* Given material
···

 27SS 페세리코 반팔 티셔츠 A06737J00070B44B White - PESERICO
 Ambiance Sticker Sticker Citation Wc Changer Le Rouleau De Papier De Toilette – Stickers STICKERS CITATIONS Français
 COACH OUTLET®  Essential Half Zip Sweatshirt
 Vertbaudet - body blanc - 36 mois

···

* Exercise brief
Return the listing above verbatim.

* Response to the exercise
 27SS 페세리코 반팔 티셔츠 A06737J00070B44B White - PESERICO
 Ambiance Sticker Sticker Citation Wc Changer Le Rouleau De Papier De Toilette – Stickers STICKERS CITATIONS Français
 COACH OUTLET®  Essential Half Zip Sweatshirt
 Vertbaudet - body blanc - 36 mois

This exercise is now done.